I guess that, if we would want to harden that architecture, we could somehow revoke access to the webserver to the Gitaly storage servers and restrict access to the gitlab-shell (so that only SSH users could effect changes on repositories), but I don't know if that's possible or desirable (in part because it would block merge requests workflows).
The only downside with that approach is that a git clone will not warn about the project redirection, but I am not sure there's a way to fix that. Maybe in gitweb or git.torproject.org? I do not believe that hooks are ran on clone, on the server side, so there's little we can do here in terms of ssh cloning...?
I think we might be able to do 302 redirects at the webserver level for URL 1.
In the above procedure, there's a pre-receive hook in gitolite that denies users access to the repositories and tell them about the new repo, which fixes URL 2.
I don't know if there is a way to fix URL 3, because there's no "pre-clone" hook, either in git or in gitolite. But maybe, if we migrate all the repos, we can replace gitolite by a simple shell that would guess the mapping depending on the requested repository path....
And this is (one of the reasons) why it's hard to do everything at once...

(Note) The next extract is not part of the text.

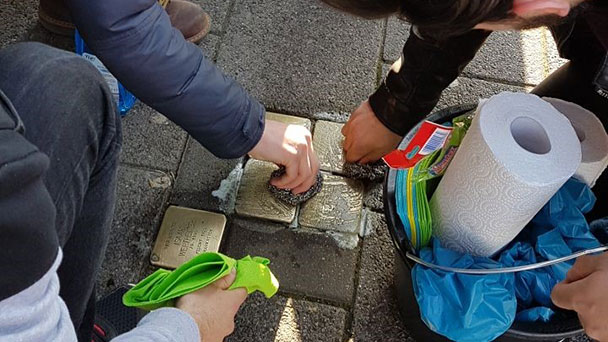 Junge Muslime reinigten Stolpersteine in Rastatt - IGMG-Sprecher Fatih Pusmaz kündigt Rosen-Aktion an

also, if I can reframe the debate surrounding gitolite here a little... we have the following three options with any given, or all, repositories hosted on git./git-rw./gitweb.tpo:
repository stays on gitolite forever, not mirrored to gitolite
repository is mirrored between gitolite and gitlab
repository is migrated to gitlab
I am personally advocating for option 3, because I do not believe it is sustainable, secure, or useful to keep running gitolite for the forseable future. But whether you agree with this or not is somehow besides the point: anyone who wants any of the above solutions will need to work on implementing a plan for those.
I am promoting the (in my opinion simpler) plan of doing only step three (progressively, of course), not because I'm a GitLab fanboy, but because I'm a fan of keeping things simple and reducing the number of tools my users need to learn. We're introducing GitLab, which is a huge deal, and is going to take time. But keeping Gitolite around forever is just going to hurt us (and, I would argue extend the attack surface of our hosting services).
Options 1 and 2 are not "free". Maintaining gitolite right now has a significant churn in terms of support tickets (e.g. "please change access to repo X") and in terms of managing hardware for larger repositories. So I think we should avoid that in future.
People are already doing option 2, and it's causing its share of support calls already (e.g. gitlab#41 (closed)). I suspect this will significantly increase our support load when larger and more complex repositories show up. I am particularly concerned about maintaining the tor browser git repository on both infrastructures, for example, as it's already causing load issues on the old infra, quite regularly.
Some people are already doing option 3 (migration) and it seems more straightforward: I have already migrated two repositories without too much trouble (see #34437 (closed)).
And of course, it seems many people are assuming we will stay on gitolite forever. But that doesn't change the fact that 2 and 3 are happening, and are happening quick. So we need to plan for those so that, as @dgoulet correctly identified, people find our stuff when they look at git.torproject.org.
This ticket is not about forcing anything on anyone: it's about documenting best practices and establishing an orderly retreat from, or at least a plan on how to deal with, gitolite in the future.
after today's gitlab meeting, where it was clear this ticket was
getting too long and incomprehensible, i added a TL;DR: checklist of
the policies that need to be established.
and to be clear, here is my position on each issueL:
do we keep gitolite around forever? no. gitolite is a security liability and too difficult to deploy good workflows around to still b e useful.
if we do, do we keep the old codebase or upgrade? N/A
if we do not, when do we retire git-rw (cupani) and gitweb (vineale)? one or two years from now
if we do not, how do we protect our code against the larger attack surface of GitLab? OpenPGP signatures is the best we have, so far, and we should start using those even if we still use gitolite.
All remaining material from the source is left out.